▶ **COLLECTED DATA**
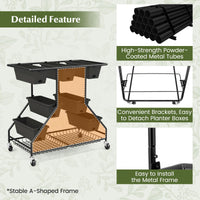 Vertical Raised Garden Bed w/7 Planter Boxes, Storage Baskets, Drainage Holes, 4 Lockable Casters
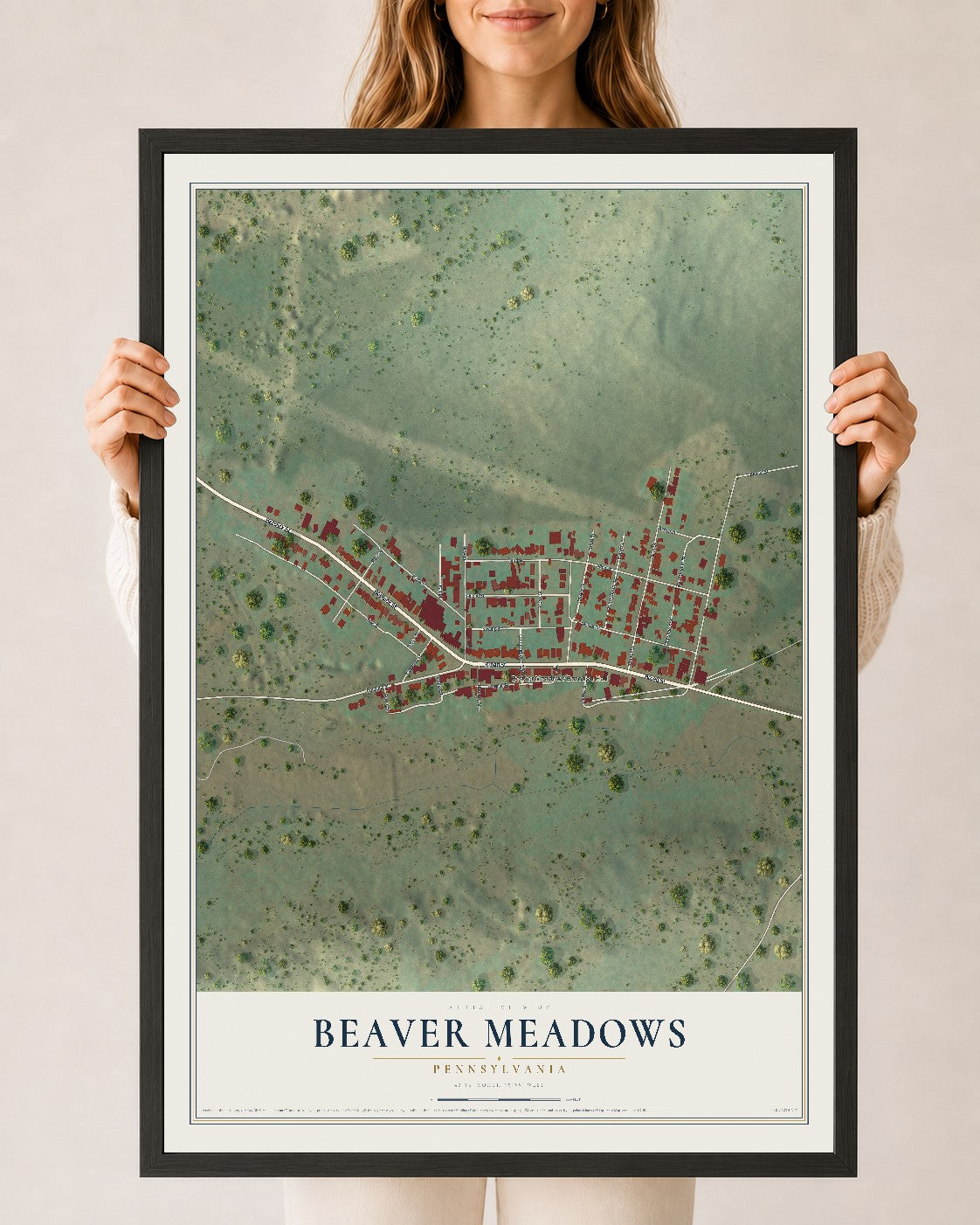 Map of Beaver Meadows, Pennsylvania, 24 x 36 inch print in a black wood frame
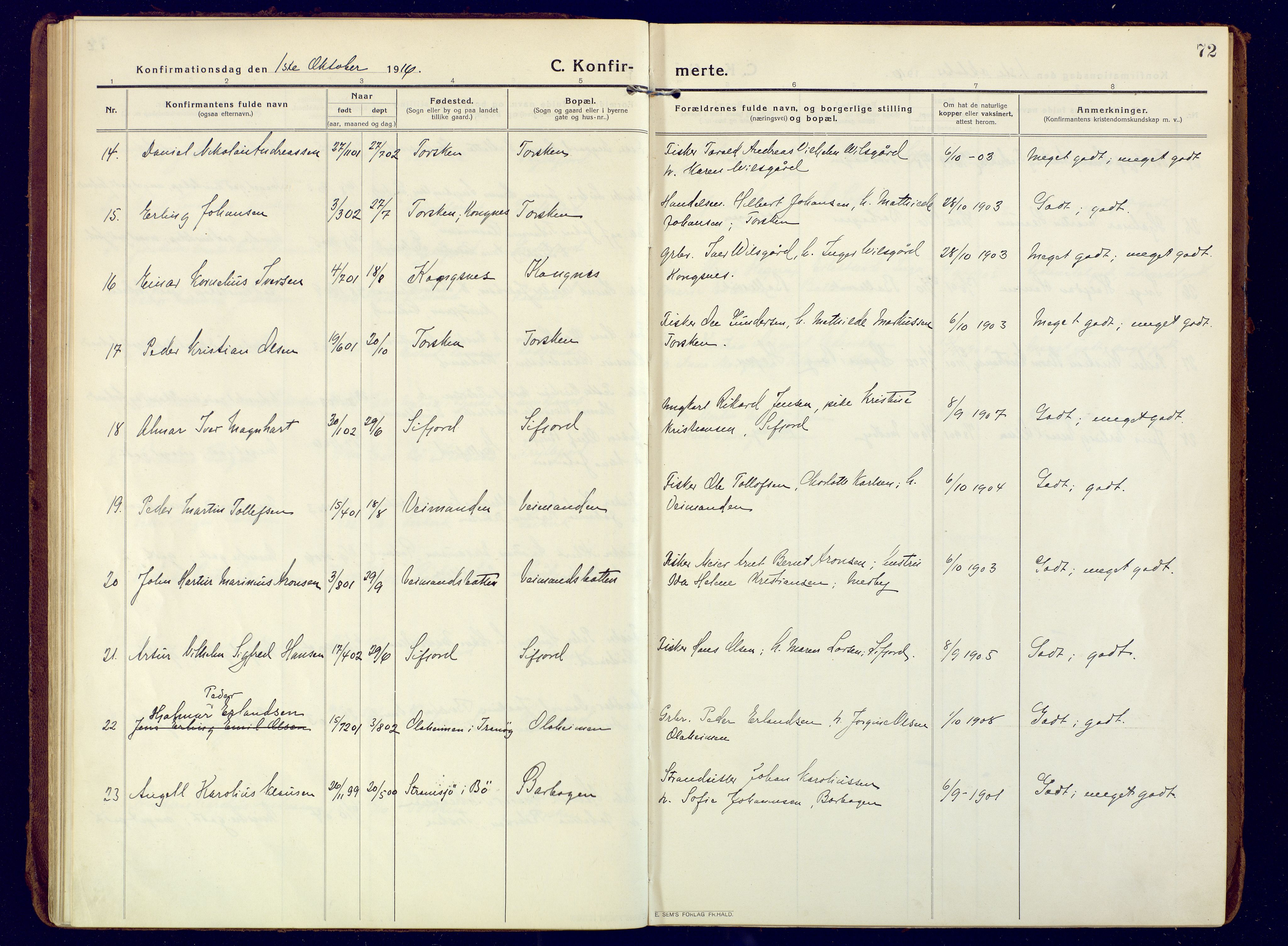 Berg sokneprestkontor, SATØ/S-1318/G/Ga/Gaa: Parish register (official) no. 10, 1916-1928, p. 72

▶ **ASSIGNMENT**
Give the listing above again in its entirety, exactly as written and free of images.

▶ **ANSWER TO THIS PROBLEM**
 Vertical Raised Garden Bed w/7 Planter Boxes, Storage Baskets, Drainage Holes, 4 Lockable Casters
 Map of Beaver Meadows, Pennsylvania, 24 x 36 inch print in a black wood frame
 Berg sokneprestkontor, SATØ/S-1318/G/Ga/Gaa: Parish register (official) no. 10, 1916-1928, p. 72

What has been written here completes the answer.